* Problem statement: From the material below, retype exactly the lines that begin at the line with "Lacy Boot Cuff with Shell Edge Pattern" and end after the line with "Black and Decker Microwave"; pictures stay out of the copy.

* Exercise input:

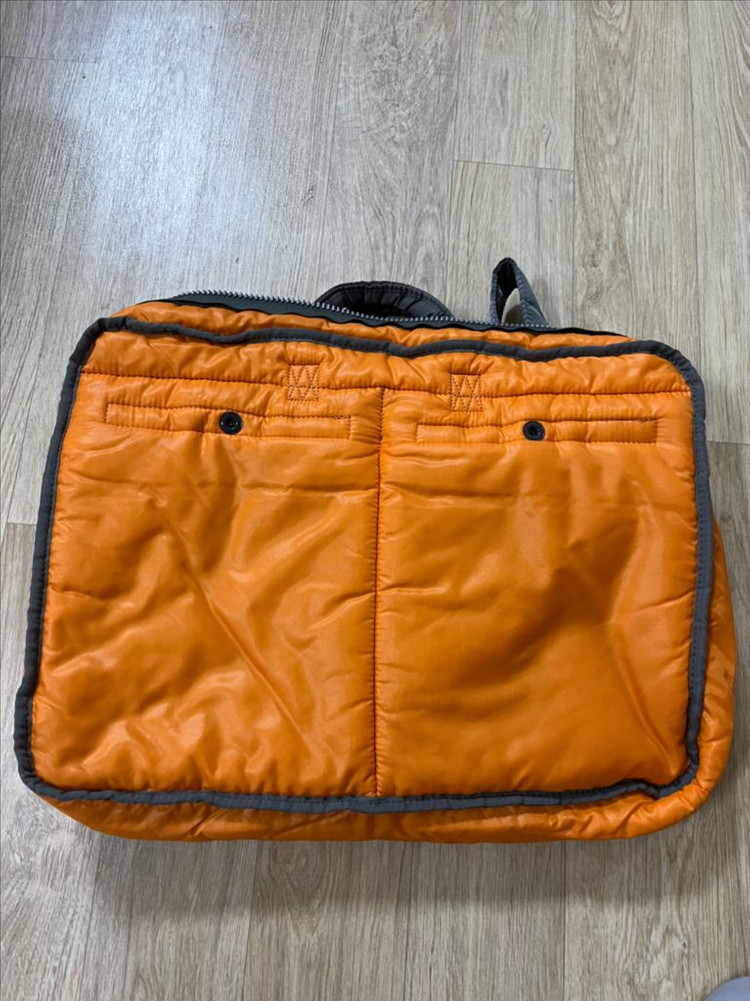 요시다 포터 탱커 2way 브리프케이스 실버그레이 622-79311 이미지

---

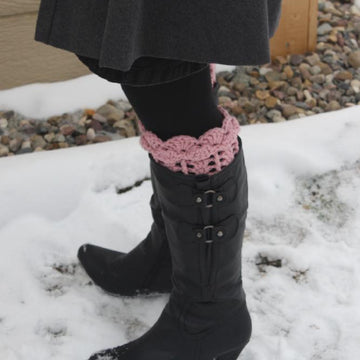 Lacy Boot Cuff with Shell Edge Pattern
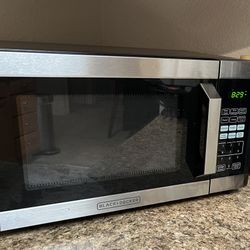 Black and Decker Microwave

---

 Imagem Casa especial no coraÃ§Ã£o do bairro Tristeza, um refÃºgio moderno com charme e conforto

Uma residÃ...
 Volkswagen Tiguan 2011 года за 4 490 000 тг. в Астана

* Task output:
 Lacy Boot Cuff with Shell Edge Pattern
 Black and Decker Microwave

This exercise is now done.